Resolutions 2007-11-05 2007-11-06 Boston Part III
Daniel Glazman brought up the 1998
List of suggested extensions to CSS
and how we haven’t been aligning our work with designer needs, even with the
feedback that we have already. This sparked a long conversation, which I don’t
think I can summarize, but I’ll try to pull out some of the points made here.
Note that these points aren’t representing WG consensus, just some ideas that
came up in the conversation: partly quotes, partly paraphrasing, partly
summarizing.
- We have not done a good job of considering user feedback.
- Some of the requests in the feedback were not pursuable for various reasons
back when the feedback was given; others were simply not acted upon.

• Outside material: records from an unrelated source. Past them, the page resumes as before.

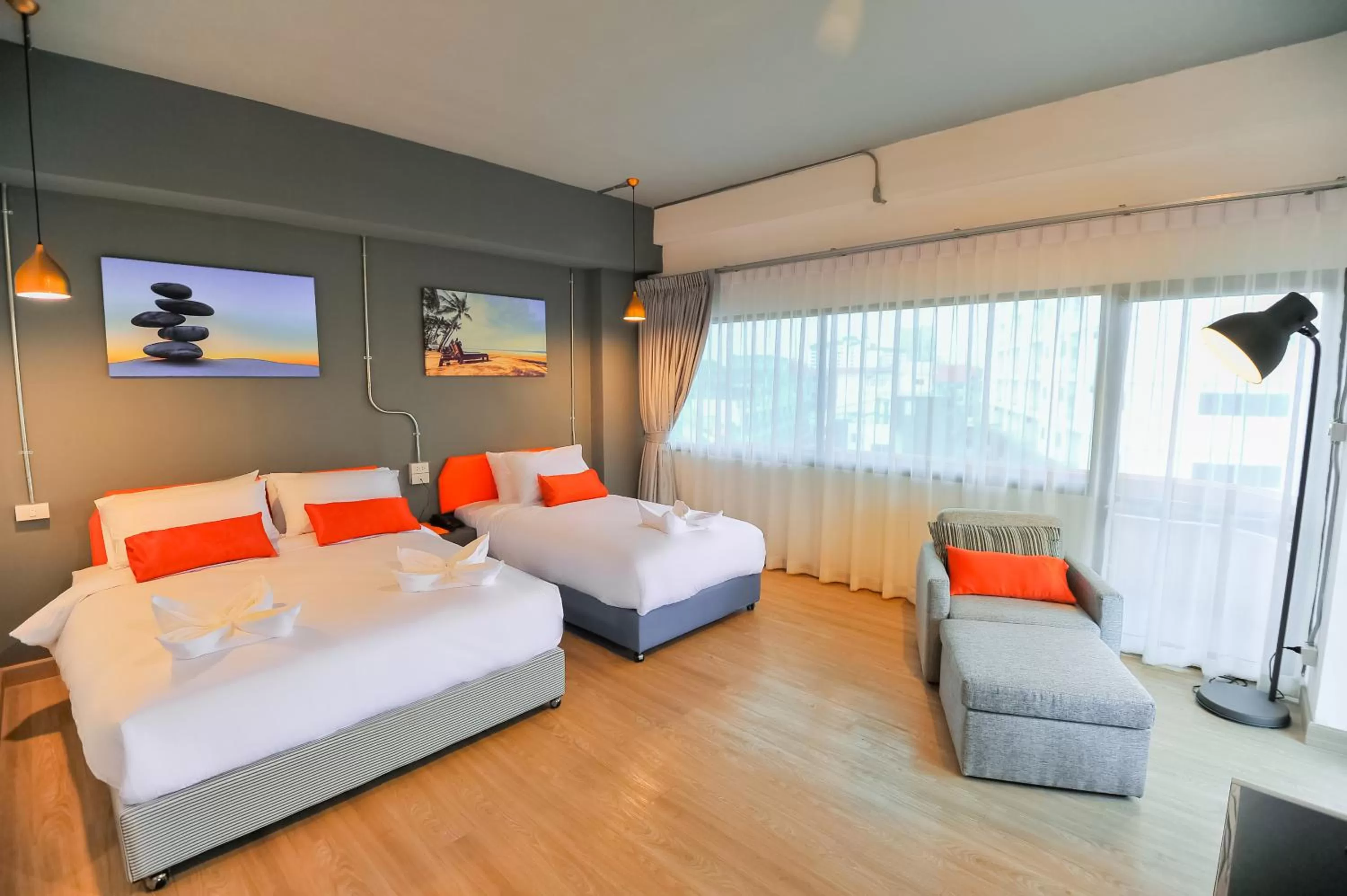 Deluxe Triple Room in 7 Days Premium Hotel Pattaya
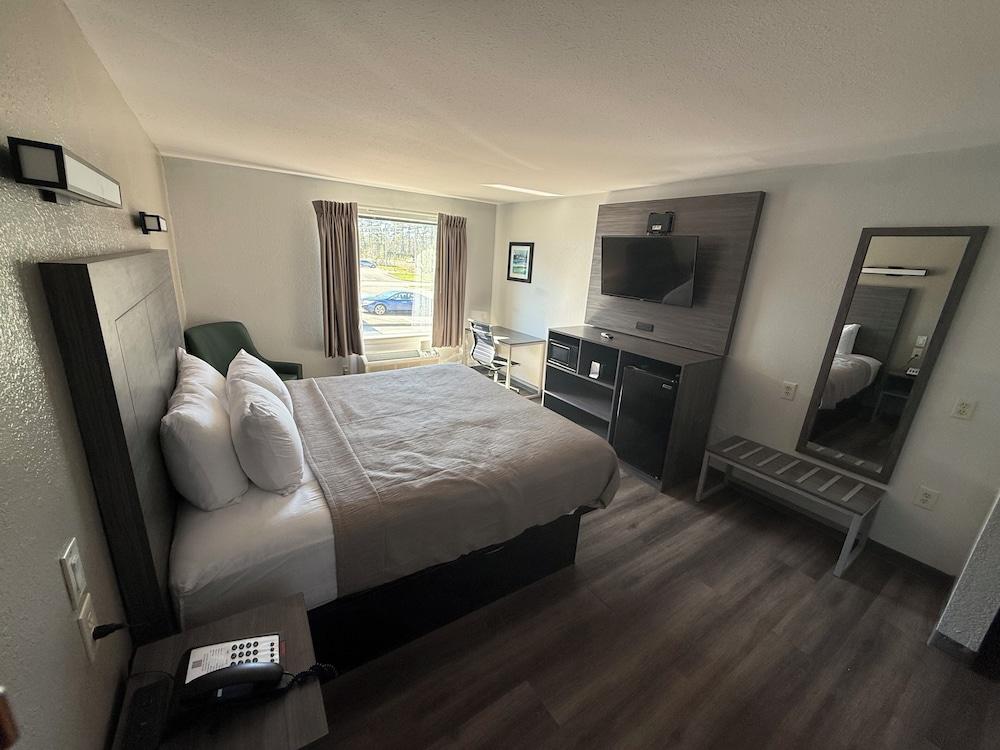 Quality Inn & Suites Biloxi - Ocean Springs photo 10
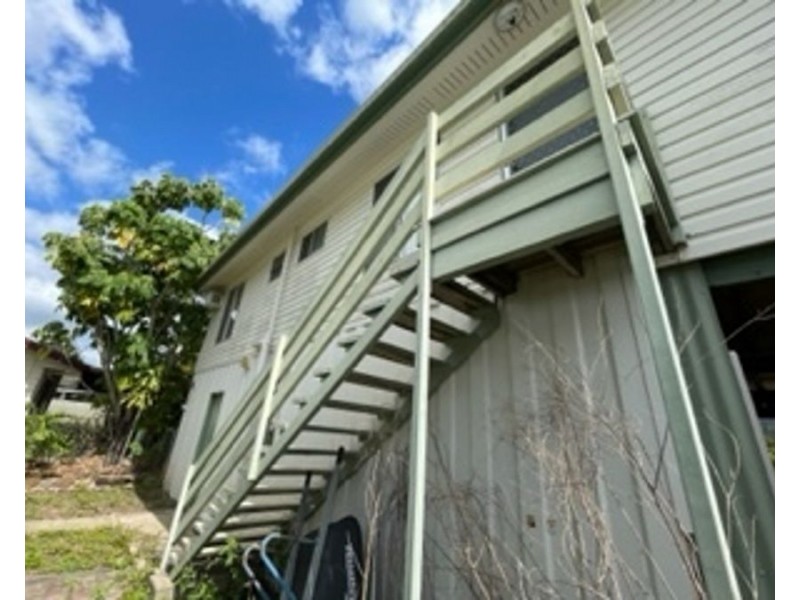 33 Walker Street, Collinsville QLD 4804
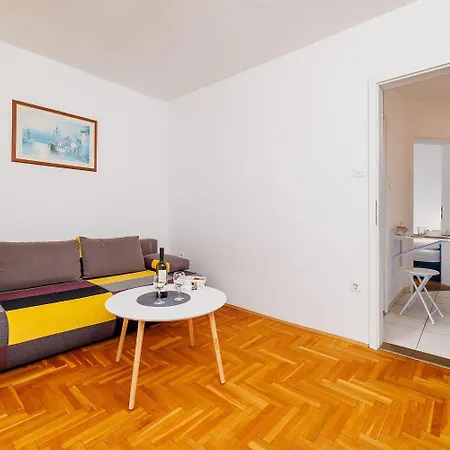 Renoviertes Nur 150 Meter Zum Mit Jacuzzi, Meerblick, Pool, Billardtisch Lejlighed *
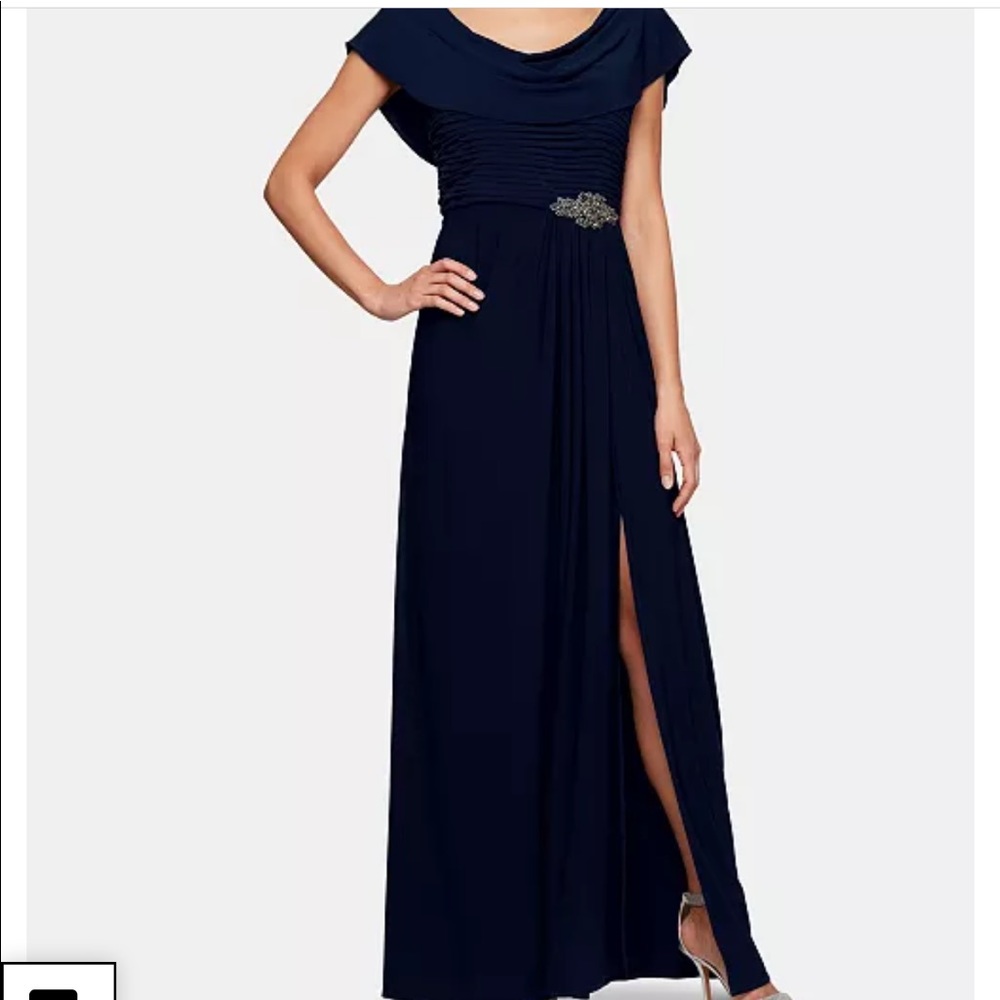 Alex Evenings Womens Embellished waist gown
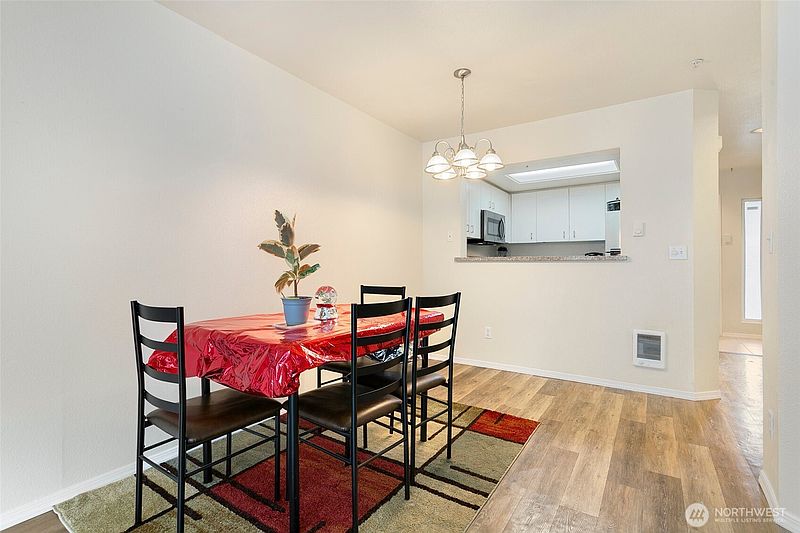 5th image of 1825 S 330th Street #E7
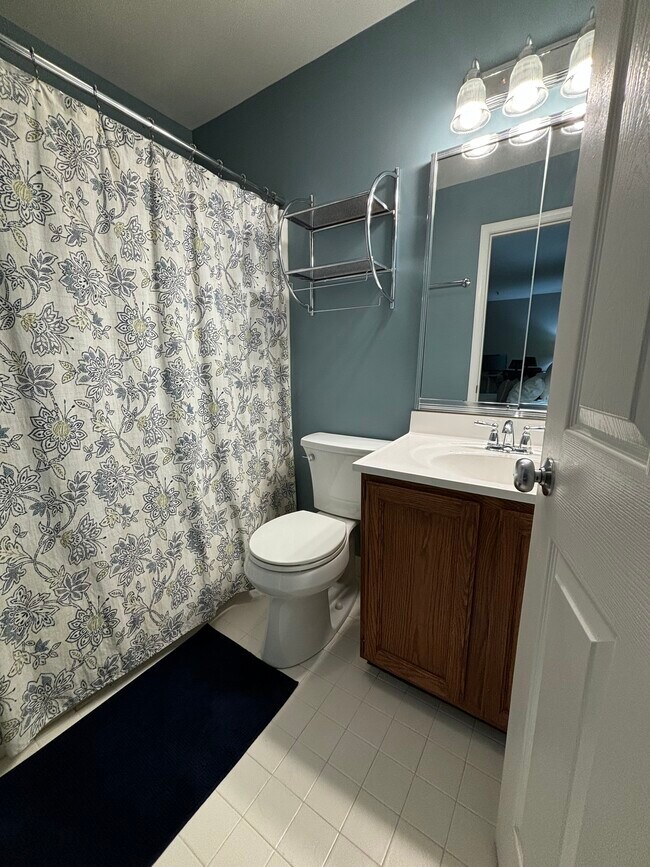 Building Photo - 1461 Conifer Dr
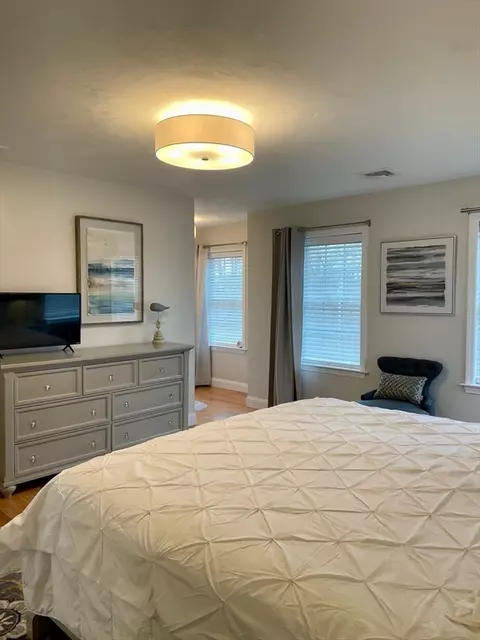 Bedroom - 9 Church Ave, Wareham, MA 02571 photo 4 of 6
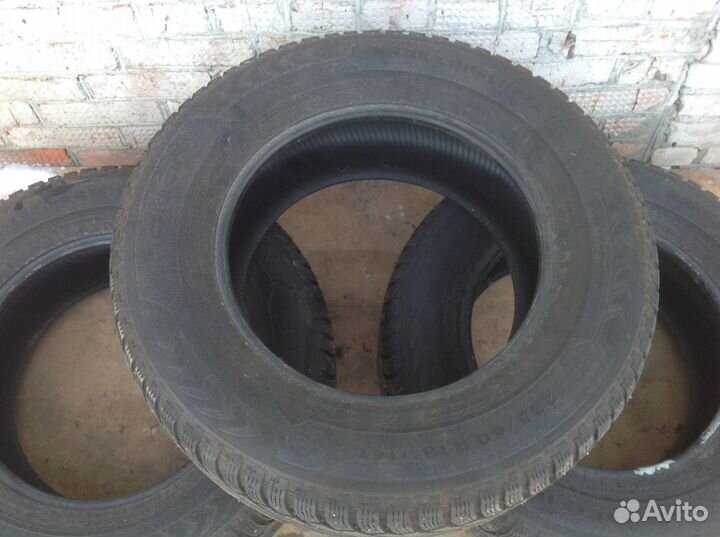 Nokian Tyres Hakkapeliitta 5 285/60 R18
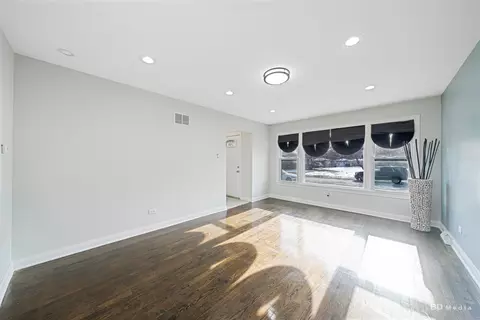 Living - 281 E 163rd St, Harvey, IL 60426 photo 1 of 2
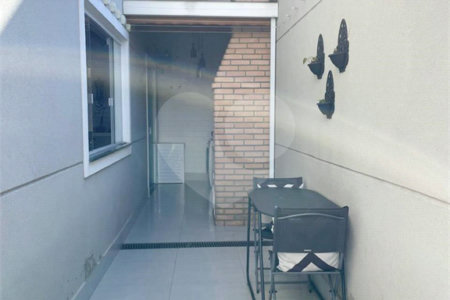 Sobrado à venda com 3 quartos, sendo 1 suíte, em Vila Nivi, São Paulo, SP
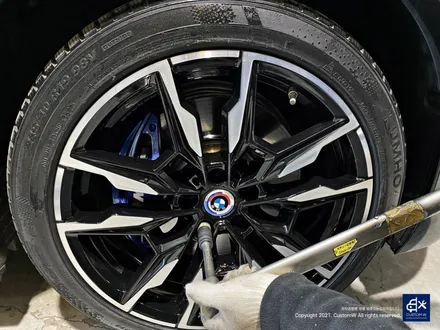 BMW i4 M50 기존 도색 제거 약품 박리 후, 블랙 폴리시 휠 + 블루 캘리퍼 도색 / 용인 처인구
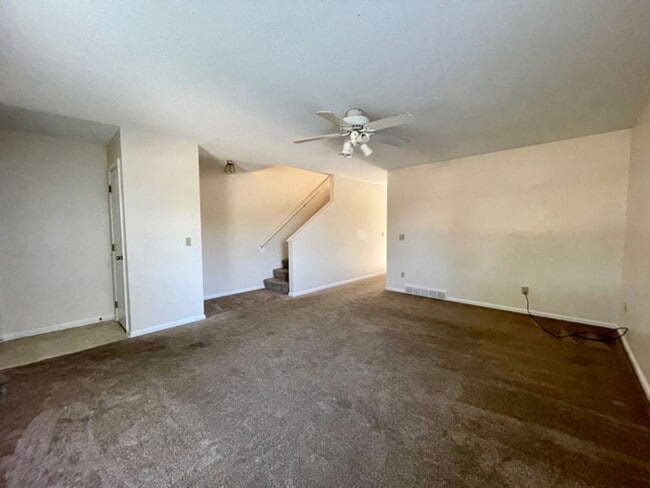 Building Photo - LEXINGTON SCHOOLS!  2 Bedroom, 1 1/2 Bath Duplex Available!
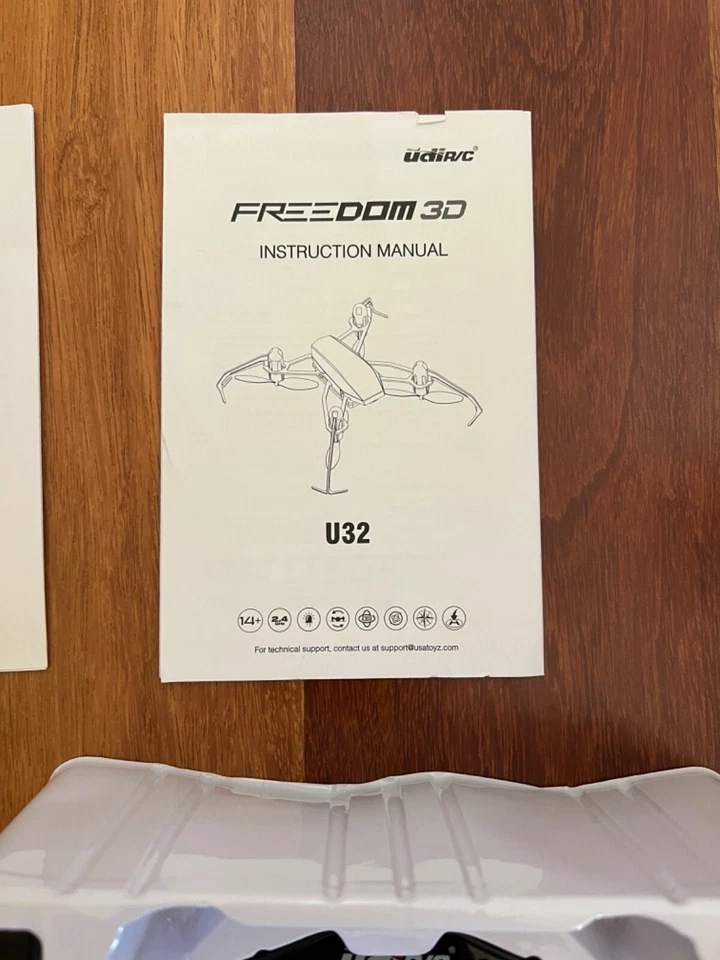 Udi R/C  Freedom 3D U32 Quadcopter Mini Drone  - Image 4 of 4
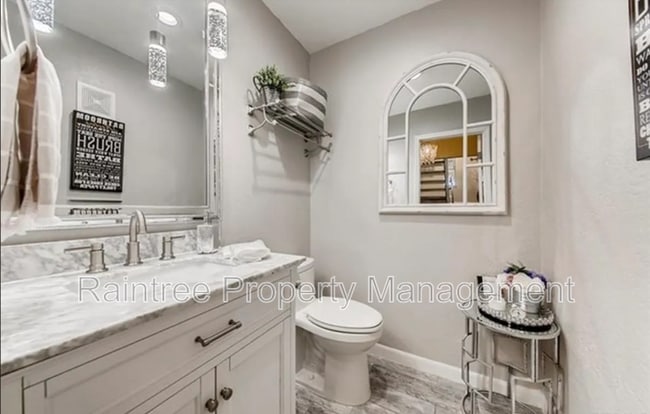 Building Photo - 671 Ascot Dr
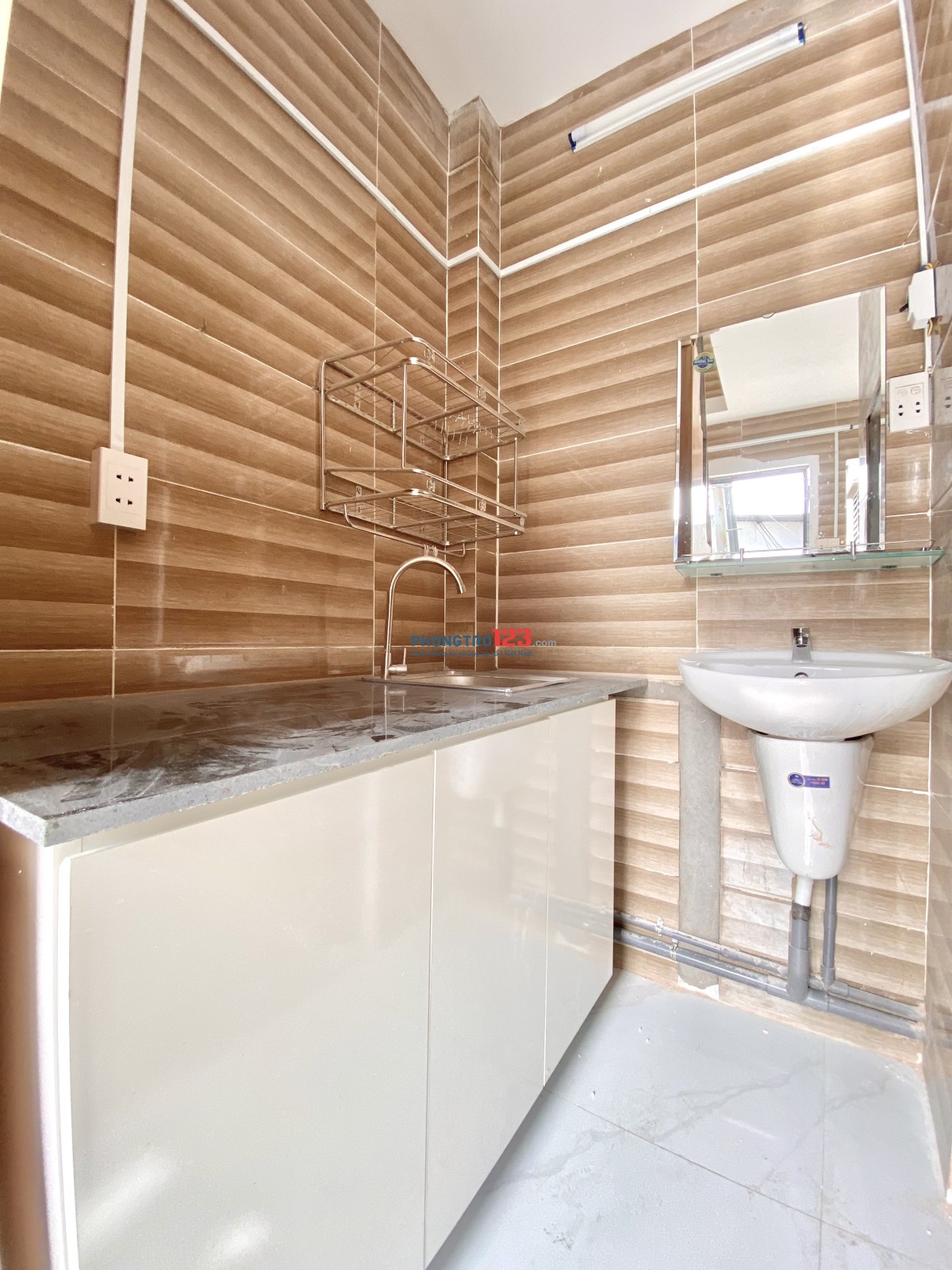 NHÀ MỚI XÂY ĐANG HOÀN THIỆN NGAY ĐỖ XUÂN HỢP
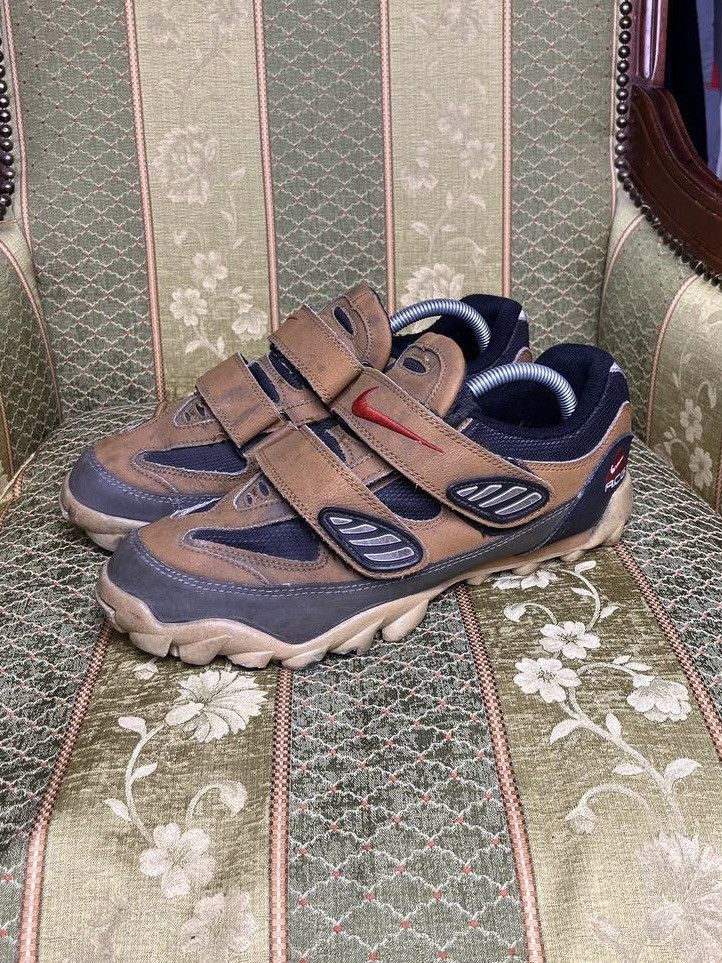 Japanese Brand × Nike ACG × Vintage Vintage Nike ACG Archival Outdoor Sneakers EUR 44 Size US 10 / EU 43 - 1 Thumbnail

- We have some feedback in the “List of suggested extensions to CSS”.
We should examine this list and see a) if the issues are still relevant and b) if we are ready to solve them
- We’ve been dominated by browser makers and need more user input, but
we are not set up in a way that makes it easy to collect this information.
- CSS is driven forward both by pull from features specified by the CSSWG
and by push features developed by implementors.
- Some ideas fly; others do not; we need to piece together solutions from the best parts.
- Where there is no champion for a spec, progress on that spec ceases.
- Interoperability is important to web designers.
- Good test suites drive interoperability. Wrong test suites drive
interoperability on wrong behavior.
- We should solicit and respond to user feedback.
- We should use the CSS blog to collect feedback — but we don’t have that
capability now — [various technical suggestions on what to do]
- We are happy for the CSS Eleven or any other group to gather feedback
and process/organize it into something we can act on.
- We should document personas, use cases for what we’re trying to do.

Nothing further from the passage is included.